A few other temperament questions

Jason Kanter jkanter at rollingball.com
Mon Sep 18 21:36:29 MDT 2006


Let's take the Vallotti as an example.

The rollingball chart shows the sizes of the intervals as red, blue, green columns, and lists the offsets below each column. For the Vallotti, the offsets from ET are listed as
    C +5.87
    G +3.91
    D +1.96
    A    0.00
    etc. to F +7.82
    and then C +5.87 again, 
because every C on the piano is tuned 5.87 cents sharp.

In your ETD of choice, you would enter those offsets. Note, the offsets on the charts are listed in the order of the circle of fifths. The ETD will want them in chromatic sequence, which I did not provide on the charts, so double-check when you copy them in order ... easy to transpose two numbers and screw the whole temperament.

Now: notice the offset for A is 0; this is in order to preserve A=440. However, the cumulative effect of the Vallotti is to raise tension an average of 1.96 cents per note. So if you want to "zero out the tension" ... i.e. fool the soundboard into thinking that nothing has really changed, perhaps preserving tuning stability ... you would then "add -1.96" (or subtract 1.96) from each of the offsets, i.e. tune C at +3.91, G at +1.95, D at 0.00, A at -1.96 cents, etc.

If you want to do these by aural methods, (and they are generally easier than ET by a long shot), you have to look elsewhere for the tuning instructions - I did not include them on my website. (I mention this possibility because you ask if you would tune an F-F temperament.)

Hope this helps. One of these days I will update the site, add chromatic lists of the offsets, maybe add bearing instructions for selected temperaments, add the Lehman Bach (which has two humps!), yadda yadda.
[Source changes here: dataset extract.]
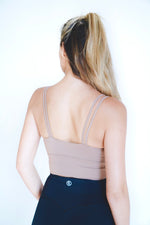 I Am Confident Beige Cropped Tank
Ask if more questions.

Jason
  ----- Original Message ----- 
  From: KeyKat88 at aol.com 
  To: pianotech at ptg.org 
  Sent: Monday, September 18, 2006 9:44 PM
  Subject: A few other temperament questions


  Greetings,

             If I finally pick a tuning and proceed, do I tune to A440? The Rollingball website .gif charts illistrate the temperament intervals from C to C. Do I start on middle C? If so, middle C of 523Hz (as in an A-440 tuning), or would I tune middle C lower?  Can I still tune an F to F procedure as I am used to for ET? 

            Also, what does it mean on the side of the Rollingball chart where it states the following sentence: "To zero out total tension change, add this to each offset"....then it gives a number, for example the Valotti has a  -1.96 below that sentence. 

           Also, on the Rollingball chart, the low C-G and E-G is different bps than octave above it. Must I follow that difference through with all the octaves C# to C#, D to D...etc, thereby giving a "stretch" to the whole piano's tuning? if that answer is yes then the whole piano is a temperament itself, and I am not copying octaves as I would do in ET!!!???? Right? Are these temperaments stretched. Woah! I have never done this before.